# [Your goal]
For the word "Rebel", count the lines below that contain it. Give the number alone.

(Crawled caption data)
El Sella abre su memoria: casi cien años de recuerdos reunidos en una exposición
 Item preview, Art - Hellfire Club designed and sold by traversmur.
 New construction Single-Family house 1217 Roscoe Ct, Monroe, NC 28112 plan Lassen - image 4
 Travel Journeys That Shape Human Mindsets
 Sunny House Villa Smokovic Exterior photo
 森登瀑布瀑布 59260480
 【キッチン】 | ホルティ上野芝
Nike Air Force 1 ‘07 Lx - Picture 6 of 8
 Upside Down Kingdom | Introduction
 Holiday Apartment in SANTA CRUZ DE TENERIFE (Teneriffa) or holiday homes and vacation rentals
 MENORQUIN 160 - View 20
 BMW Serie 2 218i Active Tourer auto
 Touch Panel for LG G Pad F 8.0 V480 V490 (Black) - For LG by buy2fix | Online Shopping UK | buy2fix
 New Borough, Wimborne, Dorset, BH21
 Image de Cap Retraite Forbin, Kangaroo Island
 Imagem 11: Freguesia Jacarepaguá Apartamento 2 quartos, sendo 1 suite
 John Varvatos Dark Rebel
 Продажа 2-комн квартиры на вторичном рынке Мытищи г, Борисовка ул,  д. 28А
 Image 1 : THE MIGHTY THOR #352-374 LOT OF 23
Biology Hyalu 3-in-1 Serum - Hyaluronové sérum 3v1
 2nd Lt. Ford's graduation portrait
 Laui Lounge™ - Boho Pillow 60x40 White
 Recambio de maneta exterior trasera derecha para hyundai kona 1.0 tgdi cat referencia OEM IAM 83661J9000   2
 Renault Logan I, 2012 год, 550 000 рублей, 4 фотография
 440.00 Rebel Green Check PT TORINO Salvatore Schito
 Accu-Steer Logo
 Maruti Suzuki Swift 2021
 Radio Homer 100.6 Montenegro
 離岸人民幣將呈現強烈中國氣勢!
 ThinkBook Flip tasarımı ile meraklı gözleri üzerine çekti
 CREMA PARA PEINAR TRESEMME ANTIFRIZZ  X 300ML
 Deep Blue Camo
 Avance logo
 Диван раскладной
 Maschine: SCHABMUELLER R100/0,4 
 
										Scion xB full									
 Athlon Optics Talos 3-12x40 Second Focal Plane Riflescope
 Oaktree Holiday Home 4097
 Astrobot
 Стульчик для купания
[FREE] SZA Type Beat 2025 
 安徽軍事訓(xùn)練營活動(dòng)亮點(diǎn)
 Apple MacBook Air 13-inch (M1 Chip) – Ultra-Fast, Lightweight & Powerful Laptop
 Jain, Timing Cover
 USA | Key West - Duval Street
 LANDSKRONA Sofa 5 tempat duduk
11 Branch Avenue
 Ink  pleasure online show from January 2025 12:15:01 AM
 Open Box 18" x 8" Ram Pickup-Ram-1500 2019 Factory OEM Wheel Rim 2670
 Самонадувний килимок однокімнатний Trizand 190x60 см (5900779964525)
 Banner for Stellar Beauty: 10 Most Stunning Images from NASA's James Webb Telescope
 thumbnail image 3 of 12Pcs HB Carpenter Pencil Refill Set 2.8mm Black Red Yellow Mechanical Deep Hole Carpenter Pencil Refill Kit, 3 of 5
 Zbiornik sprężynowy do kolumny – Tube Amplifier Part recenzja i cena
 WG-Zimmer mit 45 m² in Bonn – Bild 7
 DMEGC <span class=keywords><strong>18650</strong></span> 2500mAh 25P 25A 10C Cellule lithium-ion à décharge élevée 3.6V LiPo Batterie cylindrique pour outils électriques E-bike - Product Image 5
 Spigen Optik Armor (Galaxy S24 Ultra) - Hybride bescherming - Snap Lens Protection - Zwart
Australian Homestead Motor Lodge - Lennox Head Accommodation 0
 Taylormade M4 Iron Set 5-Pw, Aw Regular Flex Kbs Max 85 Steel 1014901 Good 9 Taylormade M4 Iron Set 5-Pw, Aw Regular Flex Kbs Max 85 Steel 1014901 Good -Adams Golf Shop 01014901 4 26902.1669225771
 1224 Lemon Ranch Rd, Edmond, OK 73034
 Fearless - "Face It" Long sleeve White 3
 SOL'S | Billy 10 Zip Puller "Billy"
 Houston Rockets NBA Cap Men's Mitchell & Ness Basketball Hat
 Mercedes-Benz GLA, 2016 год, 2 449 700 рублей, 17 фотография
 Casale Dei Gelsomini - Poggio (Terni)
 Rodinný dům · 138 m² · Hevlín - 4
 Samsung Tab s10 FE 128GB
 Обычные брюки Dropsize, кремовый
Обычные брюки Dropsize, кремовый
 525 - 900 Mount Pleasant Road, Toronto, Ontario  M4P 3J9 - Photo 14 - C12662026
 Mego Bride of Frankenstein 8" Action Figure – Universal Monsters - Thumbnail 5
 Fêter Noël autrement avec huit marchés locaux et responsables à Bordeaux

# [Written reply]
2